» Source material
<<<<

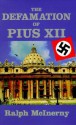 Defamation Of Pius XII (Key Texts (South Bend, Ind.).) - Ralph McInerny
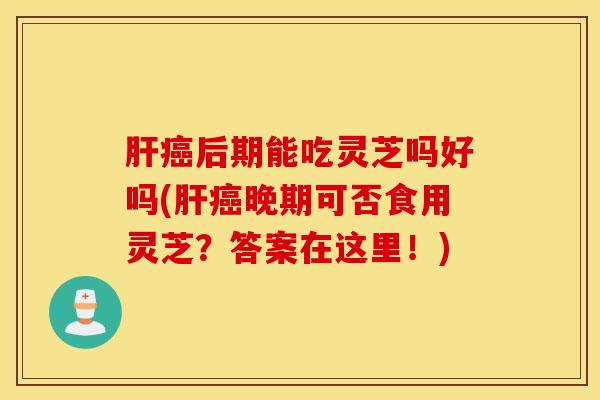 肝癌后期能吃灵芝吗好吗(肝癌晚期可否食用灵芝？答案在这里！)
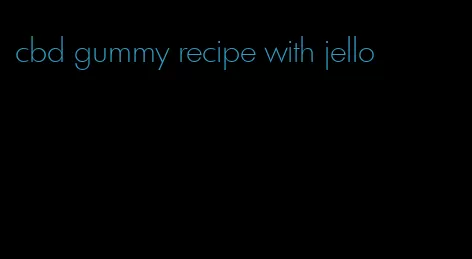 cbd gummy recipe with jello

>>>>

» Directions for this task
Copy nothing but the lines from the one containing "肝癌后期能吃灵芝吗好吗(肝癌晚期可否食用灵芝？答案在这里！)" through the last line of the listing above, transcribed exactly and with no pictures.

» Exercise solution
 肝癌后期能吃灵芝吗好吗(肝癌晚期可否食用灵芝？答案在这里！)
 cbd gummy recipe with jello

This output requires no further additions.